*** Opening of Provided data ***
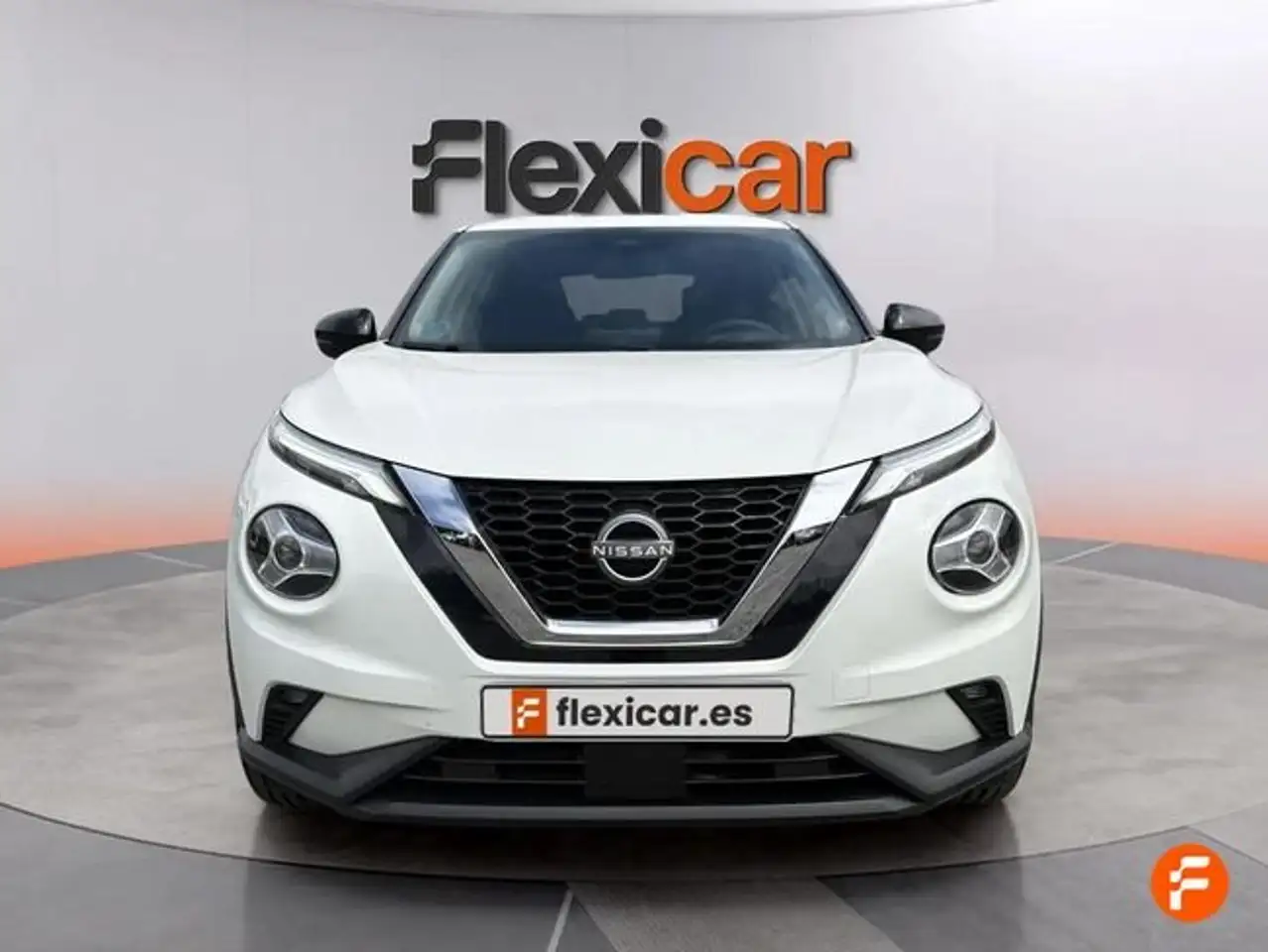 Nissan Juke DIG-T 84 kW (114 CV) 6M/T Acenta — معرض صور السيارة 2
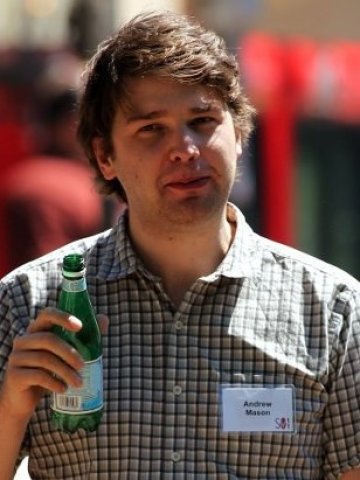 <p>
	Създателят и главен изпълнителен директор на пазарния лидер Groupon - Андрю Мейсън.&nbsp;<em>Снимка: Ройтерс</em></p>
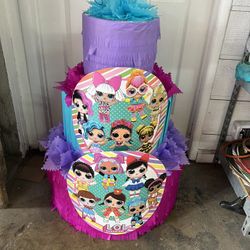 LOL Dolls Tower Pinata With Balls 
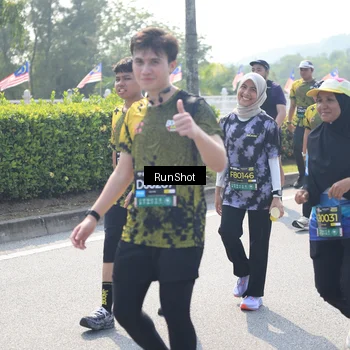 Runner Photo 6937513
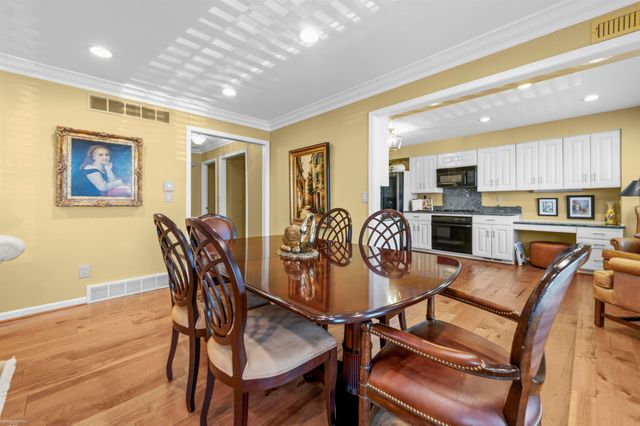 126 Windwood Pointe Street, Saint Clair Shores, MI 48080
*** Close of Provided data ***
## What to do
Output the data verbatim, images excluded.

## Task solution
 Nissan Juke DIG-T 84 kW (114 CV) 6M/T Acenta — معرض صور السيارة 2
 <p>
	Създателят и главен изпълнителен директор на пазарния лидер Groupon - Андрю Мейсън.&nbsp;<em>Снимка: Ройтерс</em></p>
 LOL Dolls Tower Pinata With Balls 
 Runner Photo 6937513
 126 Windwood Pointe Street, Saint Clair Shores, MI 48080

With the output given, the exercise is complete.